Aussi, dans le troisième tome d'"Alice au Royaume de Joker", l'occasion nous est-elle fournie de revoir certains points :
1) d'abord, et l'attitude du Chapelier est là pour le confirmer, Alice devra bientôt choisir de faire le grand saut charnel. Et avec ce partenaire-là et pas un autre. Pour un homme de ce genre, capable, comme il le dit lui-même - comment pourrait-il être plus clair ? - de "prendre par force" ce qui lui plaît mais se refuse à lui, il faut admettre que, en dépit notamment du long intermède du "Cycle de Trèfle" où le Chat du Cheshire nous semblait devenir l'amant d'Alice, le Chef de la Pègre de Wonderland s'est montré - et continue à se montrer - sur ce point d'une patience exemplaire.

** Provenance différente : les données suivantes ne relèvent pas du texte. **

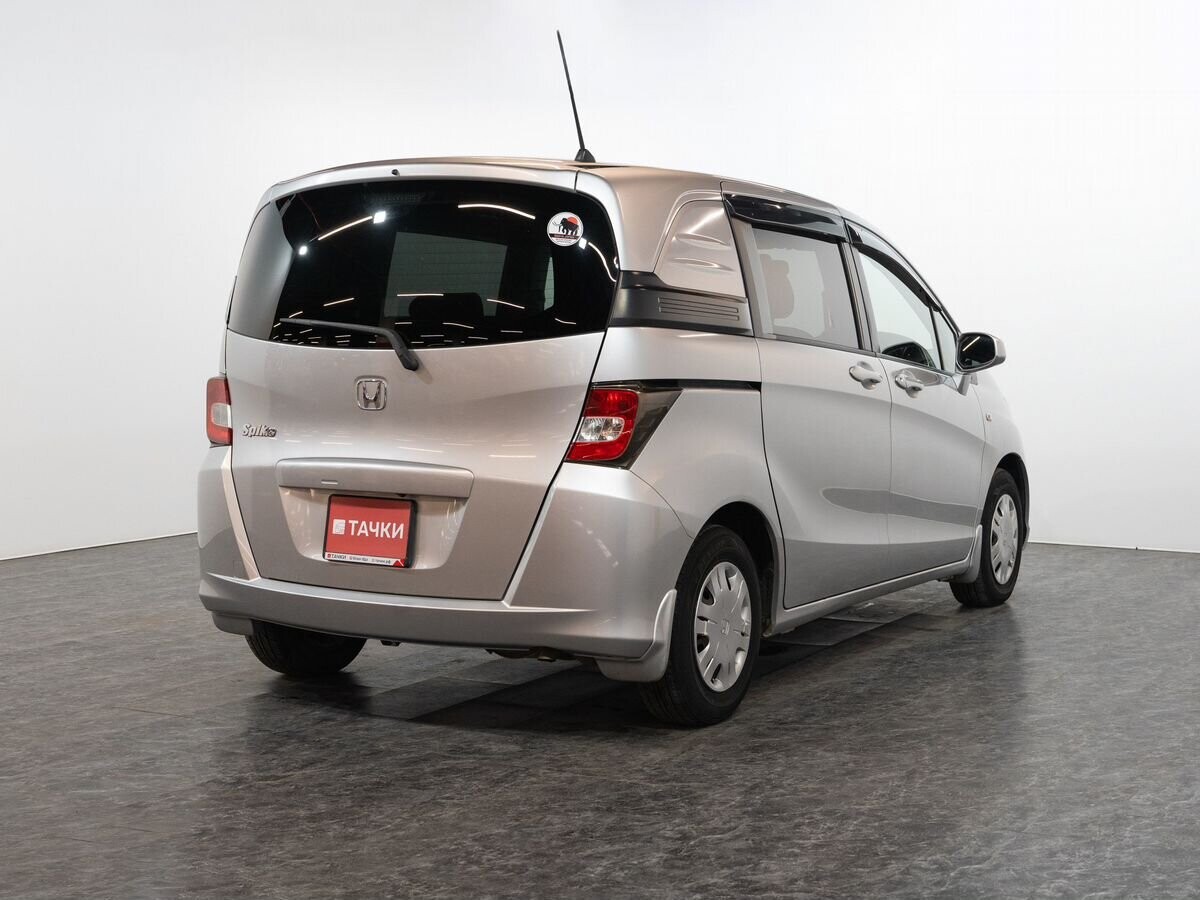 Honda Freed Spike 2011 - фото автомобиля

Ce qui signifie, n'importe quelle femme le sait, que, même s'il éprouve l'un de ses plus grands plaisirs à jouer au chat et à la souris avec elle, il ressent surtout pour la jeune fille un sentiment sincère et qu'il ne la considère pas comme un simple objet sexuel - cela bien qu'une autre des plus extraordinaires jouissances qu'il puisse là encore éprouver dans leur histoire est de proclamer bien haut et bien fort le contraire dès qu'Alice est à portée de voix. La scène finale du volume, répondant aux pages en couleur du début, montre d'ailleurs que, poussé à bout par les habituelles provocations (dont certaines sont innocentes et d'autres, beaucoup moins) de la jeune fille, Blood Dupré est ici bien près de passer à l'acte sans autre forme de procès. Il faut dire que l'idée que Goround bénéficie des faveurs de la jeune fille l'a fait sortir de ses gonds - alors que, en fait, Alice ne s'est rendue au Parc d'Attractions que pour respecter la parole qu'elle avait donnée au duc - puisque Goround est bel et bien duc - d'aller écouter le nouveau morceau de musique qu'il venait de composer.

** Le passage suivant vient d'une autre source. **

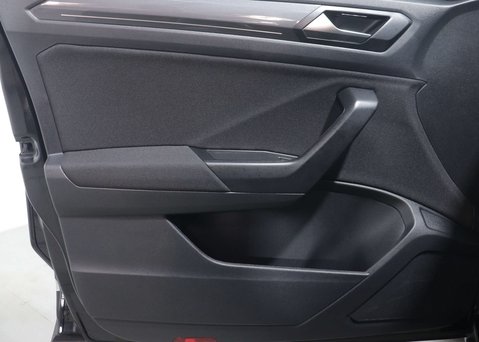 Volkswagen T-Roc 1.5 T-Roc SEL TSi Evo Semi-Auto 5dr 47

Peut-être le Temps n'est-il pas le seul responsable du désir de plus en plus violent affiché par Blood. Dans le "Cycle du Joker", la tension monte de manière générale Lui-même - et il le sait - devra tôt ou tard affronter Joker et son partenaire et, pour ce faire, contrevenir certainement aux sacro-saintes règles de Wonderland. Ce qui ne saurait le déranger outre mesure (ne l'a-t-il pas déjà fait ?) sauf que là, on s'en doute, il va lui falloir frapper un grand coup, comparable à celui accompli lorsque, jadis, il libéra le Lièvre de Mars. Tous ceux d'ailleurs qui observent la lutte larvée, mais souriante, entre Alice et Joker le Directeur de Cirque se doutent bien que le coup final, quel que soit celui qui l'assènera, sera d'une violence jusque là jamais vue.
2) révélations aussi du côté du Lapin Blanc. Révélations parmi lesquelles se perd peut-être cette phrase cependant décisive où il explique que, avant l'époque de Wonderland, Alice a pris soin de lui. Cette phrase, capitale, répétons-le, ne signifierait-elle pas que, jadis, le Lapin Blanc était la peluche préférée d'Alice ? L'exclusivité qui lie tout enfant à son jouet favori - et qui ne disparaît pas fatalement à l'âge adulte - est un lien que nous connaissons tous pour l'avoir expérimenté. Qui parmi nous n'a pas conservé - et avec un soin inhabituel - sa vieille peluche, toute rapetassée et devenue bancale ou manchote au cours des années, bien au chaud dans un tiroir ou une boîte douillettement arrangés ? Cette peluche - parfois cette poupée - c'est bien plus qu'un jouet : c'est une part de nous-même et de notre enfance, bonne ou mauvaise, celui ou celle qui nous a toujours consolé et protégé ...
A sa façon, il l'a dit mais dans le tome précédent, Peter White, Premier ministre en fonction de la Reine de Coeur, est lui aussi résolu à enfreindre toutes les règles pour qu'Alice soit heureuse. Et même s'il eût souhaité qu'elle le fût dans ses bras, si elle opte en définitive pour ceux du Chapelier, qu'importe si celui-ci lui donne ce dont elle a besoin plus que tout : amour et protection ?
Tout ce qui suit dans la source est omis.